トゥヘルは、頻繁に電話番号を変える監督だ。いや、電話番号は変えずにキャリア(コンセプト)だけを変えている。
今季からドルトムントの指揮をとるトゥヘルが、チームに植え付けた基本フォーメーションは4-3-3だ。だが年が明け、シーズン後半戦に入るとこれまでとは異なることに取り組んできた。同じ4-3-3でもコンセプトが大きく異なるものもあったし、昨シーズンまでのドルトムントに近い4-2-3-1もあれば、2月18日のポルト戦でいきなり採用した3-2-4-1も……。
ただペップが言うように、その数字をおいかけてもさして意味はない。本質に迫らなければならない。
ポルトとのELノックアウトステージ1回戦のファーストレグは、今季の1回戦のなかで最大の注目を集めるカードだった。
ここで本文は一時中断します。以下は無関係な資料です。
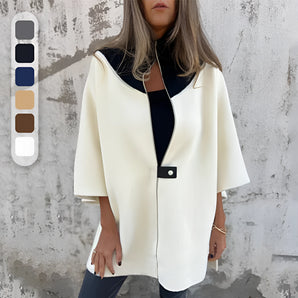 Elegant white wool cape for women, featuring a high neck collar and long sleeves, designed for winter fashion.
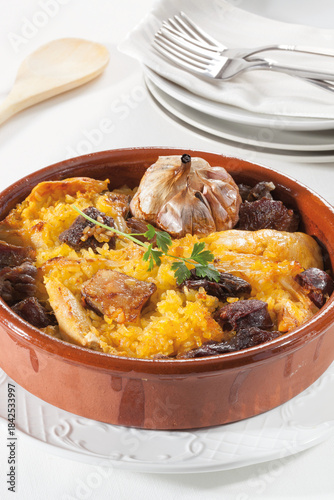 Traditional baked rice with cured meats, sausages, and meat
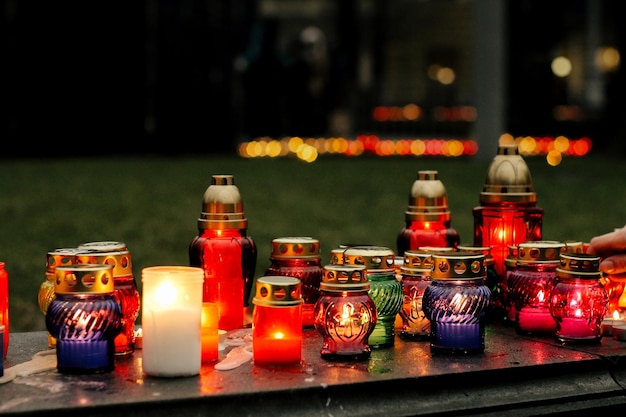 Many colorful candles with light burning in city center on marble stone memorial day and sad bereavement moment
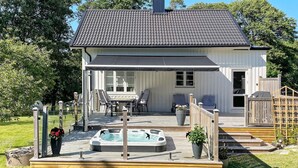 Une maison dotée d’un patio couvert, d’un jacuzzi et d’un espace salon extérieur.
このステージに参加しているクラブのなかで、UEFAクラブランキングが最も高いドルトムント(10位)と3番目に高いポルト(13位)の対戦だったからだ(ちなみに2番目に高いのは11位のシャルケ)。
ほぼ1年ぶりのサヒンを大舞台でいきなり抜擢。
そんな試合でトゥヘルは、あるサプライズを仕掛けた。
1つ目が、守備的なMFにサヒンを抜擢したことだ。彼が最後に公式戦に出場したのは昨年2月28日のシャルケとのダービーで、そこから負傷で長期の離脱を強いられていた。チームの練習に復帰はしていたものの、いつ試合に出られる状態になるかわからないと見られていた。しかし、トゥヘルはサヒンを、この大一番にいきなりスタメンで送り出したのだ。
「彼をこれ以上(練習だけに)とどめることなんて出来なかったんだ。最近、彼に『練習試合を組むよ』と伝えたら、彼はこう答えたんだ。『練習試合なんか必要ありませんよ。準備は出来ています』とね。だから、彼を信頼したんだ」
トゥヘルは涼しげに語ったが、サヒンの先発を予想するものなどいなかったはずだ。風邪でギュンドガンが欠場を余儀なくされたという事情もあったが、この試合でバイグルと組むダブルボランチとしては、今年一気に評価をあげているライトナーや、過去2試合でアンカーを務めていたギンターである方が自然だった。